Irrtum Nr. 2: Der Mandant will nur billig
Mandanten wollen möglichst wenig bezahlen. Grundsätzlich ist das ja auch nicht strafbar. Jeder Mensch versucht, mit seinen Ressourcen hauszuhalten. Ein Unternehmer wäre ein schlechter, wenn er nicht auf seine Kosten achten würde. Und wieder die Fokussierung auf den Preis. Wir alle wissen, dass wir nie die beste Qualität zum billigsten Preis bekommen können. Und ja, es gibt diese Ausnahmemenschen, die das immer wieder versuchen. Die wollen Sie aber um keinen Preis der Welt als Mandanten haben. Konzentrieren wir uns also auf die „normalen“ Menschen.

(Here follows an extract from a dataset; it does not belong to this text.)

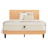 PlushBeds Savvy Bliss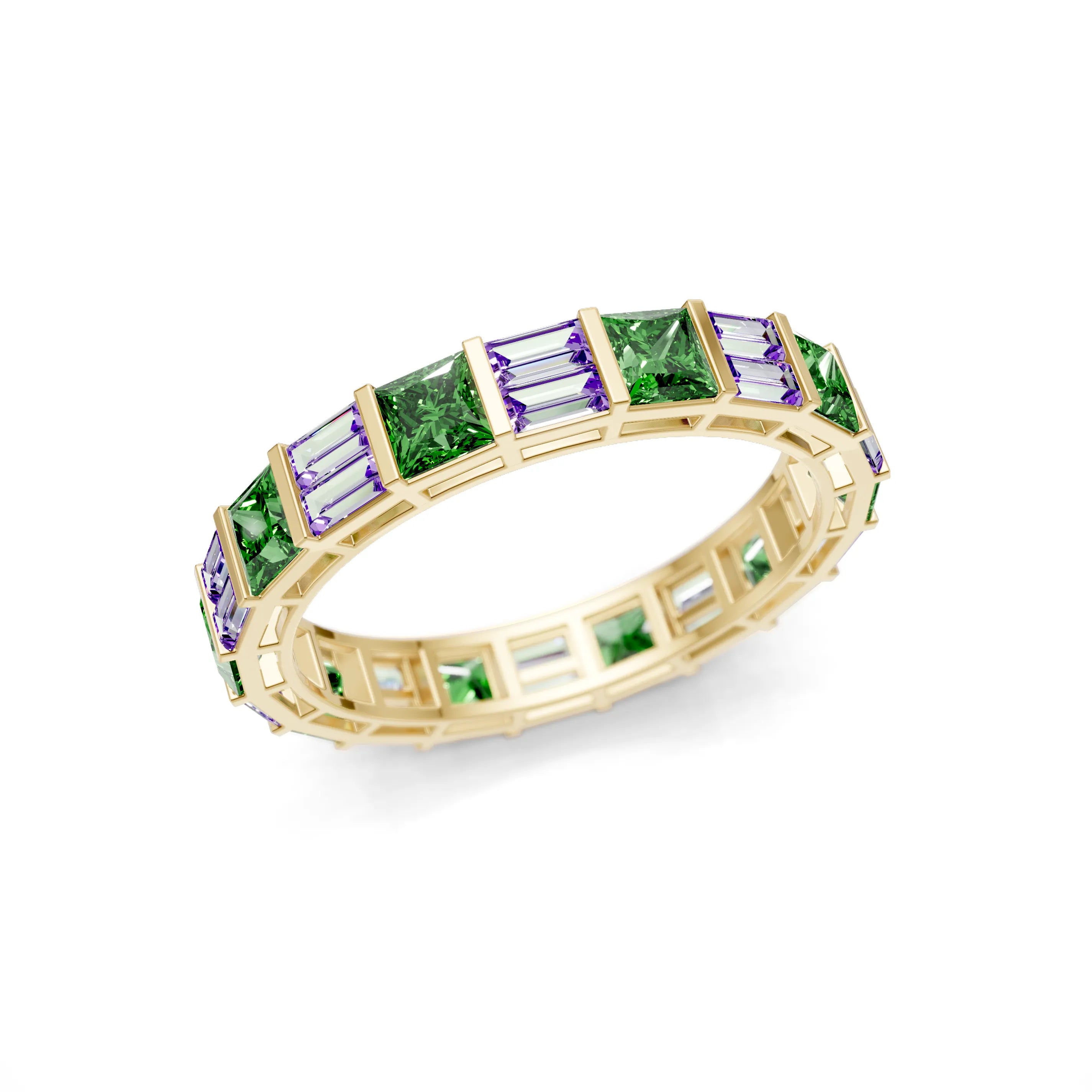 Gold_Emerald_Amethyst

Praxistipp | Auf Versuche der „Preisdrücker“ gibt es nur eine Antwort: „Sie können eine qualitativ höherwertige Dienstleistung bei uns zu einem höheren Preis bekommen. Oder Sie können eine qualitativ niedrigere Qualität zu einem niedrigeren Preis bekommen. Die Entscheidung liegt bei Ihnen.“ Die subtile Botschaft: Einen Preis-Limbo gibt es mit uns nicht! |
Irrtum Nr. 3: Der Mandant hätte am liebsten all-inclusive
Rechnungswesen und Steuern lassen sich kaum mandantengerecht einfach und kurz erklären. Aber das ist auch gar nicht notwendig. Denn es geht ja um das Ergebnis für den Mandanten – nicht um den Prozess. Und hier entscheidet der Mandant, welches Ergebnis er „kaufen“ möchte. Ihre Aufgabe ist es, ihm eine passende Auswahl anzubieten und ihm klar zu zeigen, wie der Zusammenhang zwischen Ergebnis und Preis aussieht. Eigentlich müsste es also nicht Preis-Leistungs-Verhältnis heißen, sondern Preis-Ergebnis-Verhältnis.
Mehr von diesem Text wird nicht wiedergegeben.